→ What this task involves: Each line from the one containing "Original Chibi Nurse" to the end of the entries below is to be set down exactly; the pictures are not.

→ Task material:
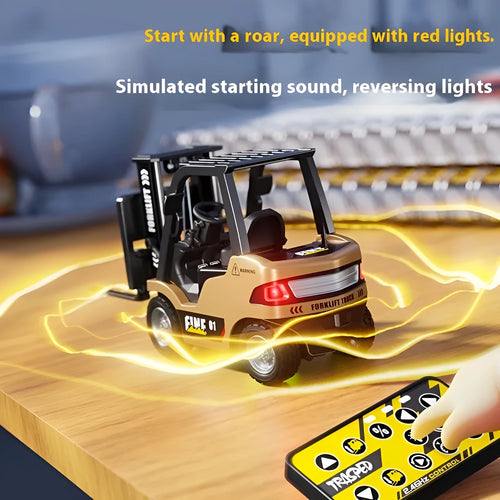 1:64 scale alloy Bluetooth remote control forklift toy with obstacle course accessories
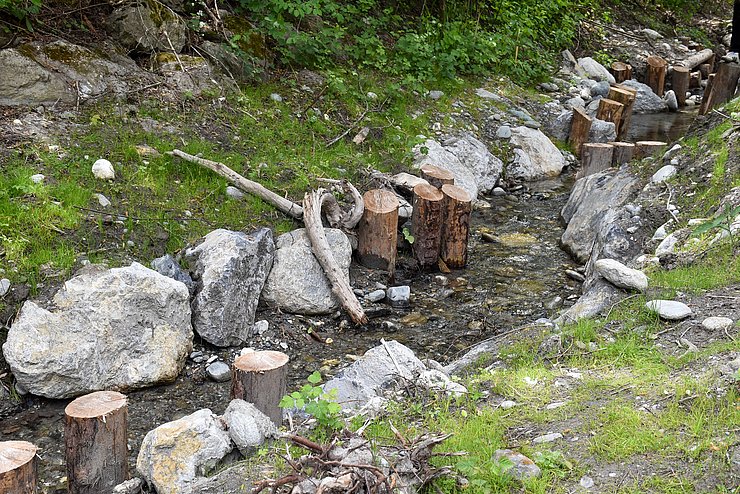 © Land Tirol/Jansenberger Holzpiloten und Fischunterstände bei einem Bach.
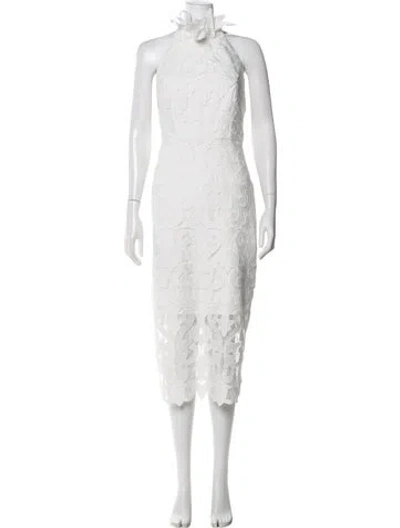 Pre-owned Milly Mock Neck Midi Length Dress In White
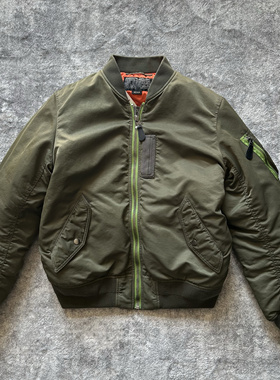 撞色罕见复古宽松MA-1飞行服夹克棉服 落色做旧年代感os大码外套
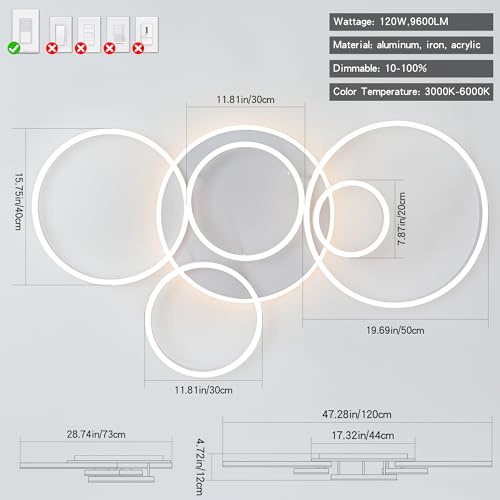 Modern LED Ceiling Light White Flush Mount Ceiling Lights Fixtures Dimmable 47" Dining Room Light Fixture with Remote 6 Rings Kitchen Lighting Fixtures Ceiling Lamp for Bedroom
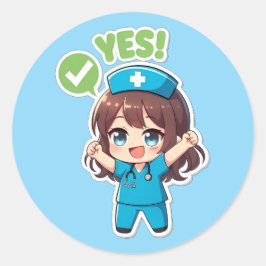 Original Chibi Nurse 3.0 - Ja Runder Aufkleber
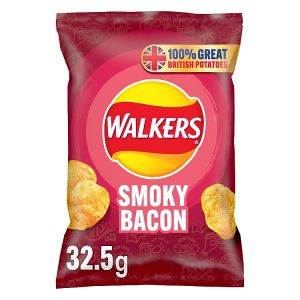 WALKERS SMOKY BACON CRISPS 32.5G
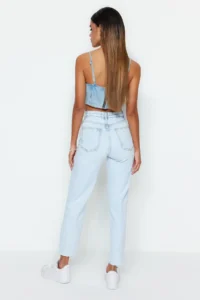 TRENDYOLMİLLA Light Blue High Waist Less Flexible Mom Cut Hem jeans - Image 3
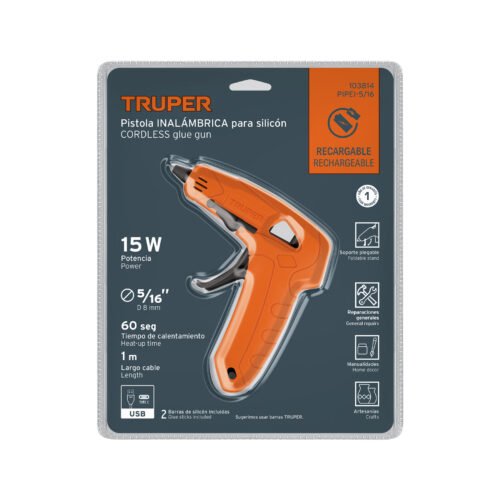 103814 - Pistola inalámbrica de 3.7V para silicón de 5/16", TRUPER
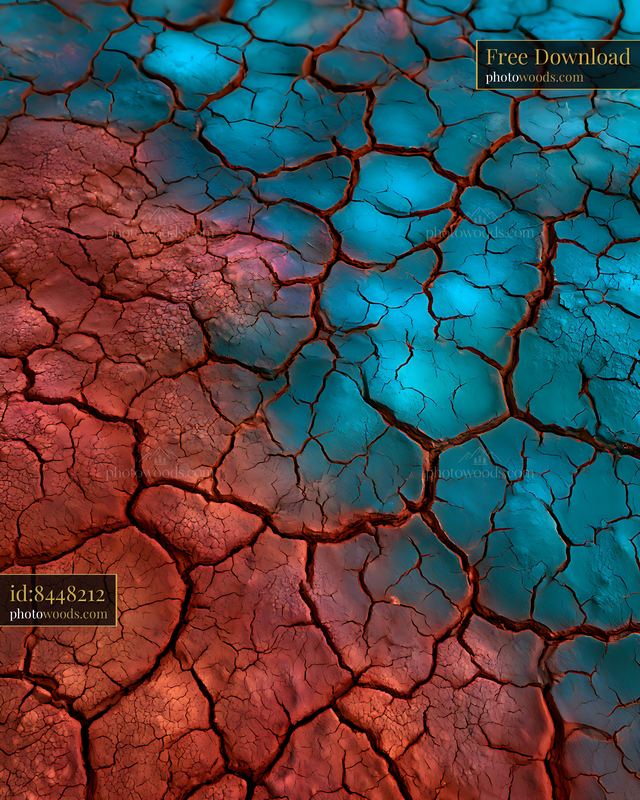 Cracked earth showing contrasting red and blue colors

→ Expected output:
 Original Chibi Nurse 3.0 - Ja Runder Aufkleber
 WALKERS SMOKY BACON CRISPS 32.5G
 TRENDYOLMİLLA Light Blue High Waist Less Flexible Mom Cut Hem jeans - Image 3
 103814 - Pistola inalámbrica de 3.7V para silicón de 5/16", TRUPER
 Cracked earth showing contrasting red and blue colors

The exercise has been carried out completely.